Kalau mengacu kepada panjang kuburannya tinggi Datuak Tantejo Gurhano diperkirakan mencapai 20-an meter, sangat luar biasa kalau dibandingkan dengan tinggi manusia yang ada sekarang.
Tantejo Gurhano hidup pada masa kerajaan Koto Batu yang merupakan kerajaan pertama di Minangkabau yang berpusat di Nagari Pariangan lereng Gunung Marapi. Waktu itu kerajaan diperintah oleh Sultan Sri Maharaja Diraja, ayah dari Datuak Ketmanggungan pendiri lareh Koto Piliang.
Semasa hidupnya Tantejo Gurahano dikenal sebagai arsitek ulung, dialah yang membuat rumah gadang pertama kali.
Karya agung dari Tantejo Gurhano adalah Balairung Sari di nagari Tabek yang sampai kini masih utuh. Nagari Tabek letaknya bersebelahan dengan nagari Pariangan.
Balairung Sari yang disebut juga dengan Balairung Panjang berukuran 48 x 3,4 meter dengan tinggi 5,30 meter. Usia bangunannya diperkirakan 450 tahun.
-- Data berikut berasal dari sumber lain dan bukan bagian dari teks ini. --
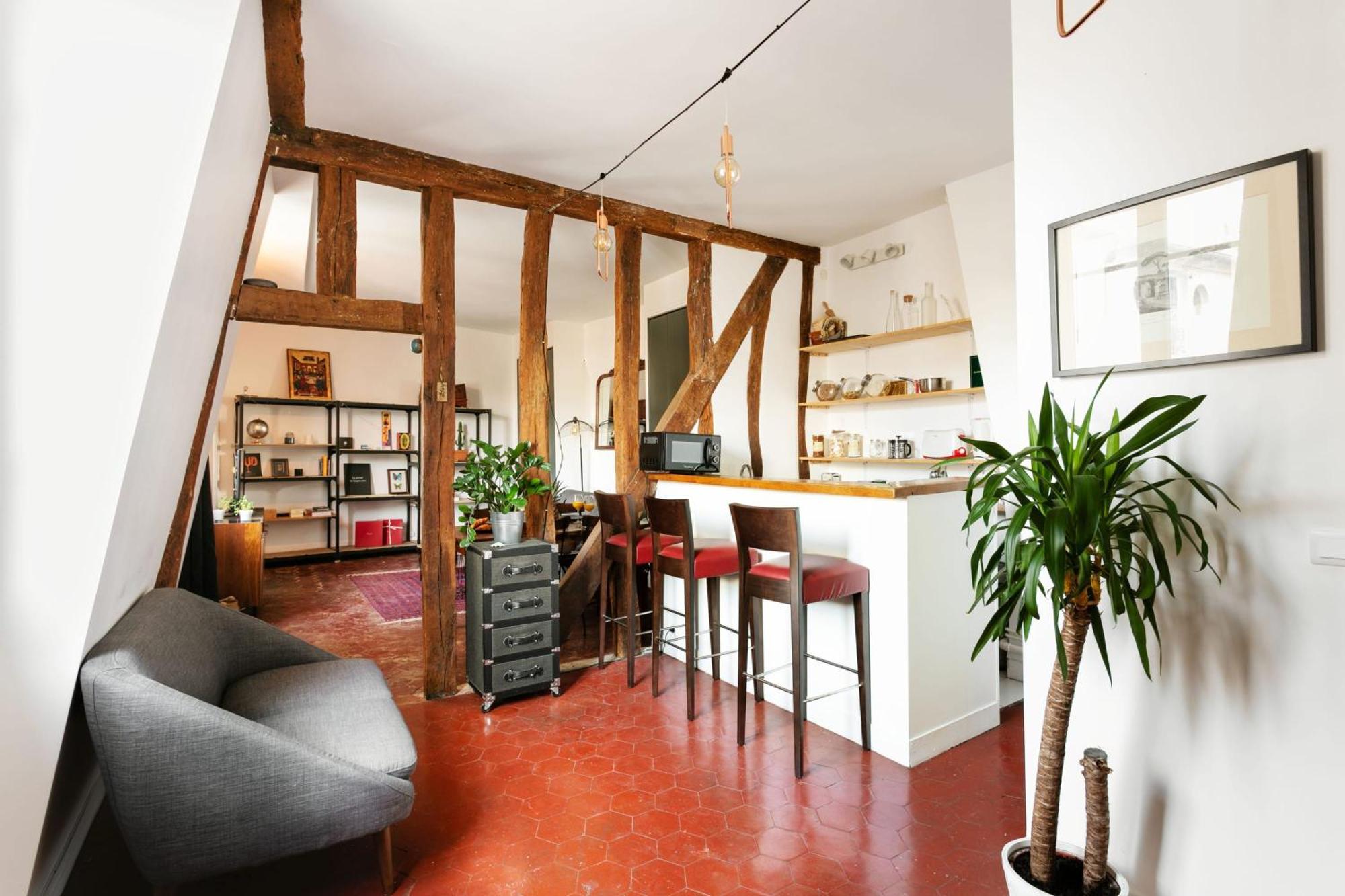 Central Paris 1Br Cozy Apartamento Exterior foto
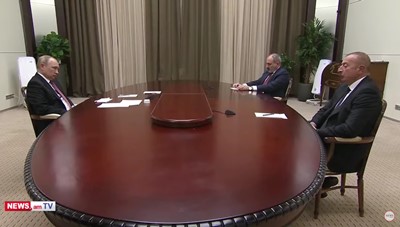 В Сочи завершились переговоры лидеров Армении, Азербайджана и России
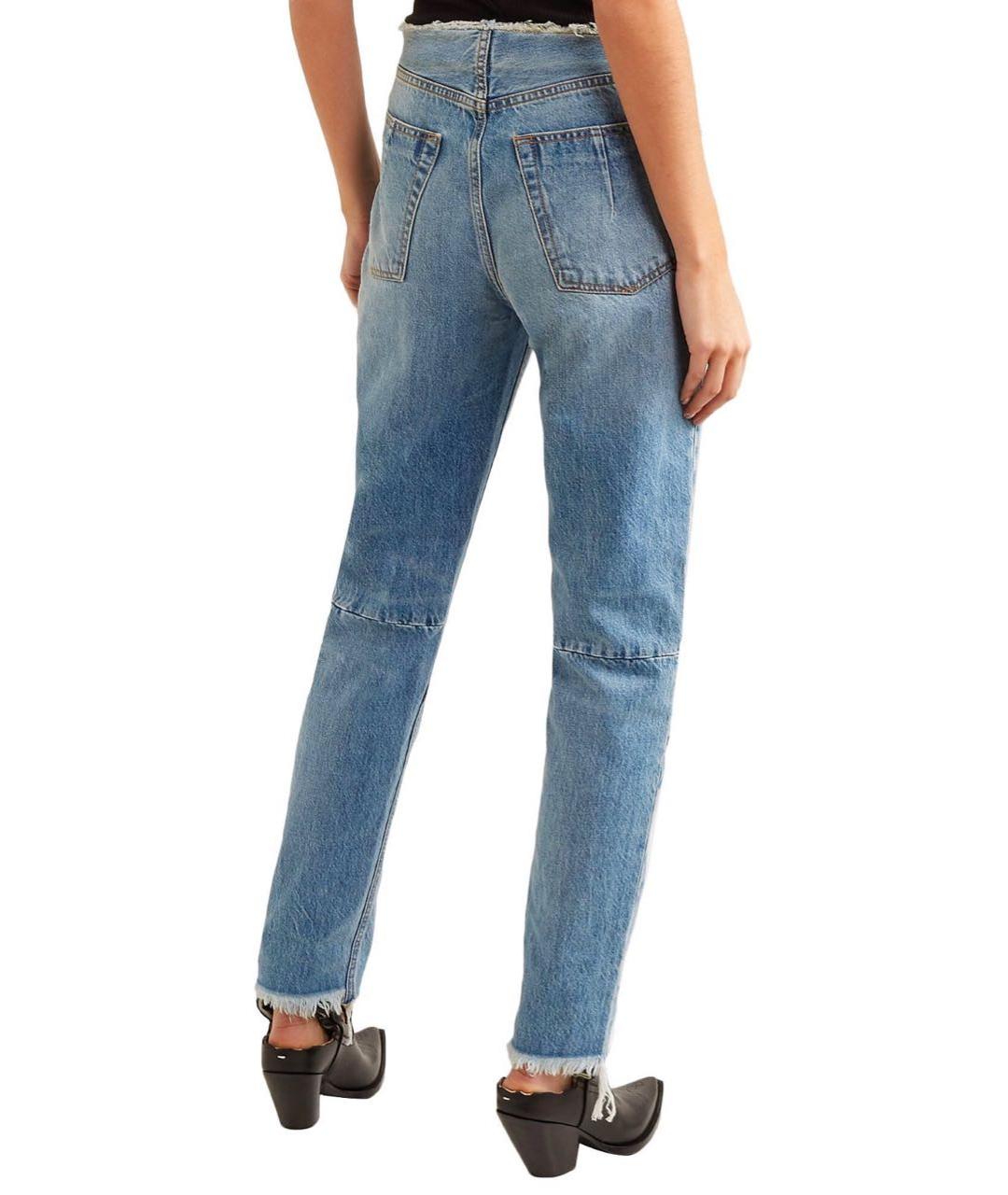 UNRAVEL PROJECT Голубые хлопковые джинсы слим, фото 4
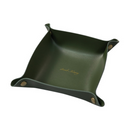 Desktop Ablage Leder Schlüsselplatte Heimtextilien Würfelablage Schlüssel Brieftasche Münzen PU-Leder faltbare Aufbewahrungsbox Großhandel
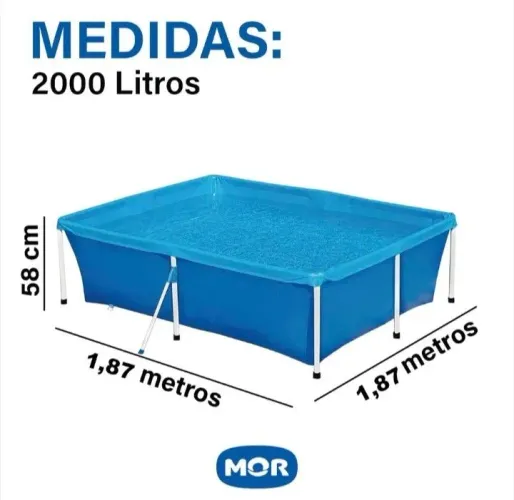 Piscina Mor 2000L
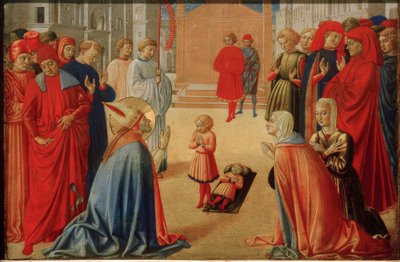 San Zenobio resucita a un niño muerto de Benozzo Gozzoli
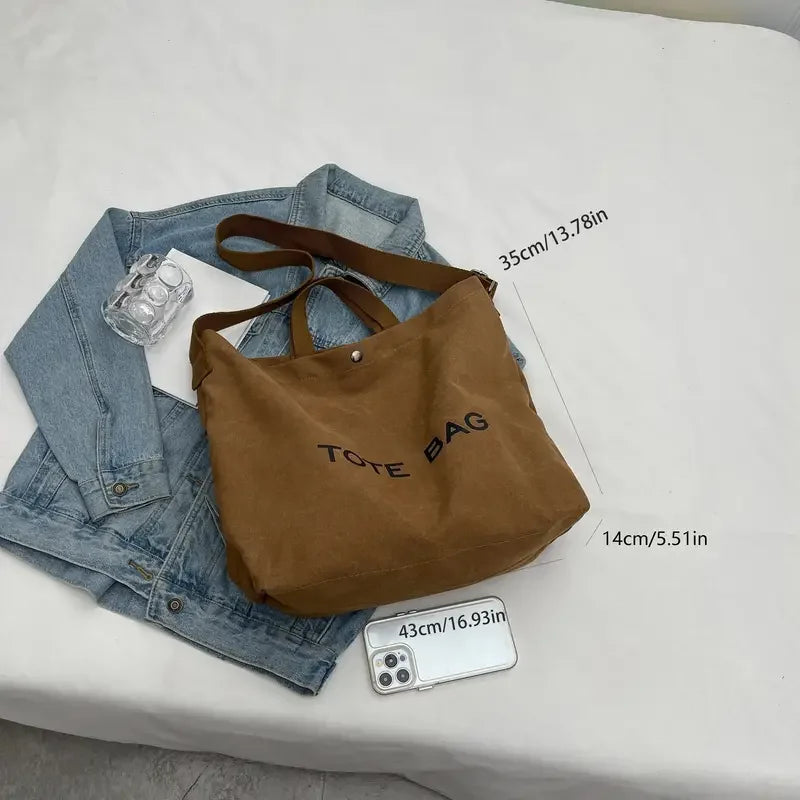Thickened Canvas Retro Tote Bag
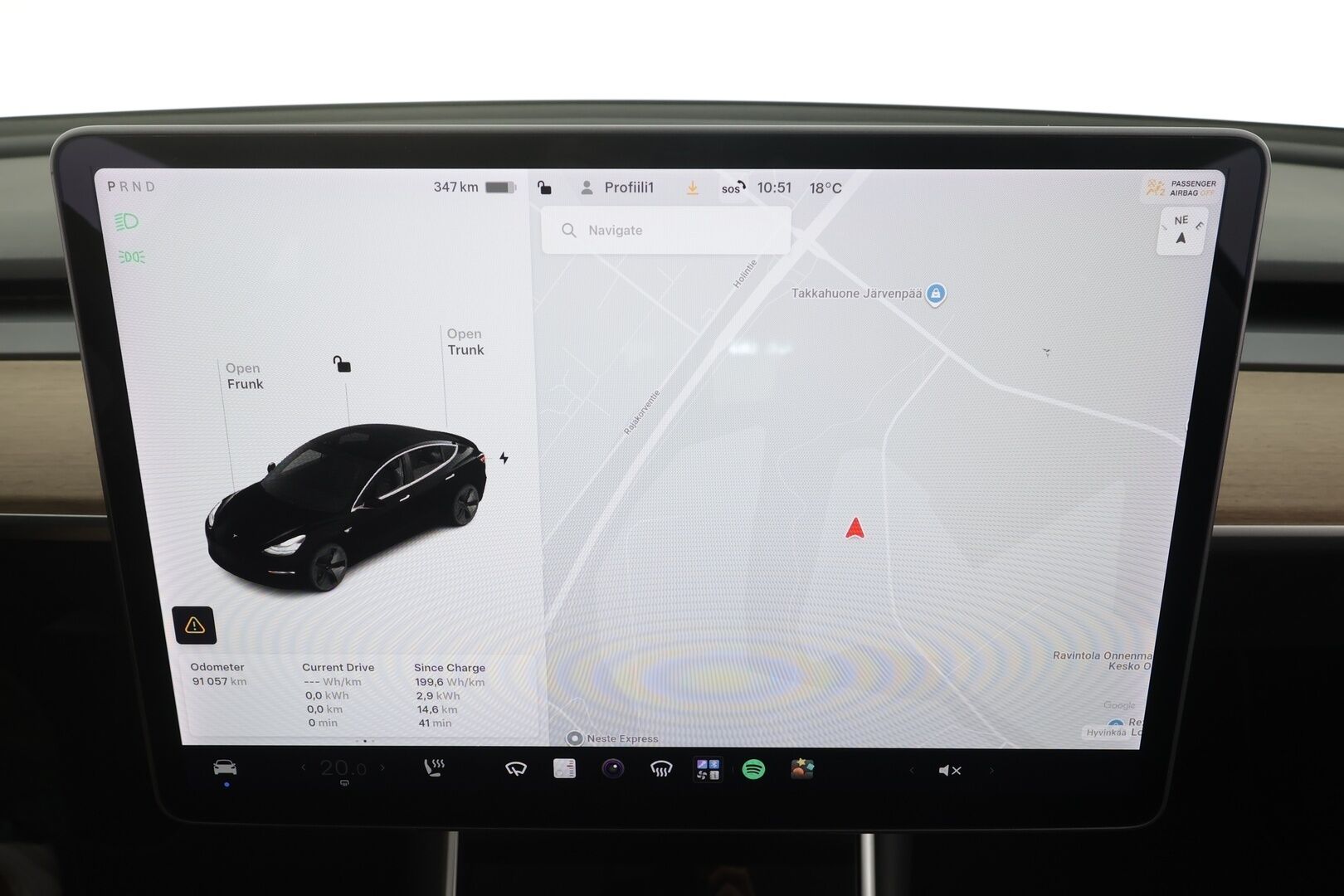 Tesla Model 3 2019 Long Range Dual motor AWD - | Lasikatto | ACC | LED | P.Kamera | Muistipenkki | Premium Audio | Navi | Kaistavahti | Keyless | Suomi-auto | 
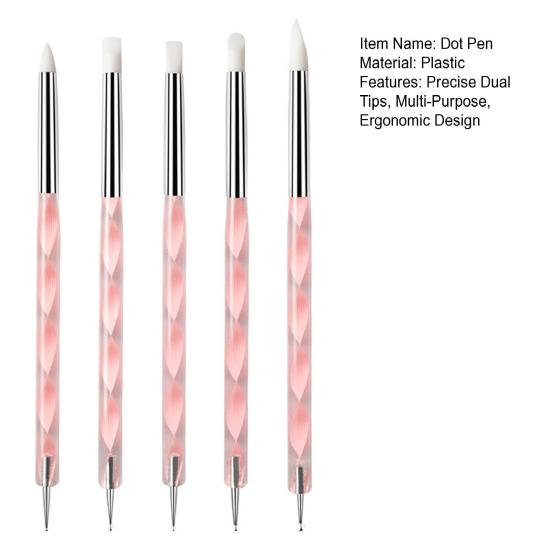 5 шт. силиконовый инструмент для лепки из глины моделирование точечная керамика ремесло для DIY нейл-арт украшения торта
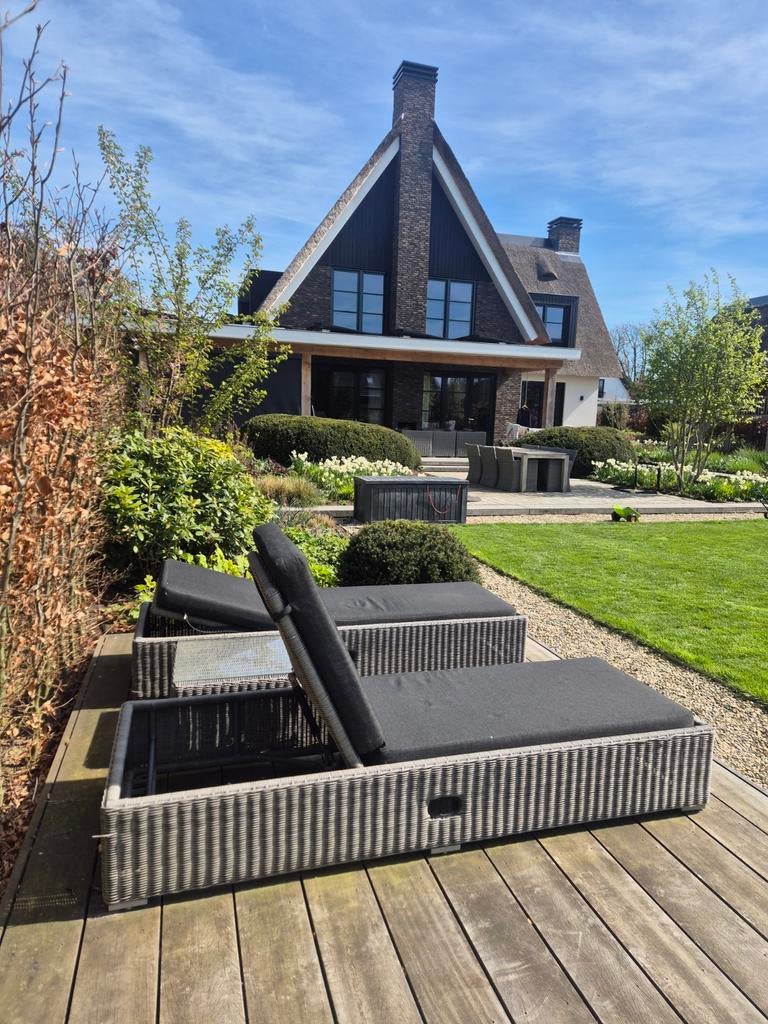 Ligbedden 2 stuks verstelbaar, Kunststof, Info@joebenelli, Ophalen of Verzenden, Dorpsstraat rhoon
Balairung sari beratap ijuk itu merupakan lambang demokrasi di Minangkabau, sebagai tempat musyawarah bagi petinggi nagari untuk mencari kata sepakat guna menyelesaikan berbagai persoalan.
Tantejo Gurhano membangun Balairung Sari berdasarkan sistem demokrasi lareh Bodi Caniago, dimana lantainya dibuat datar yang melambangkan sifat “egaliter” yakni kesamaan hak dalam menyatakan pendapat, seperti diungkap pepatah “duduak samo randah tagak samo tinggi”.Namun masyarakat nagari Tabek tidak menganut sistem adat lareh bodi caniago itu.
Diceritakan lagi oleh tetua di Pariangan, berdasarkan cerita turun temurun Tantejo Gurhano memasang atap Balirung Sari sambil duduk di halamannya, begitu tinggi besarnya manusia yang satu ini.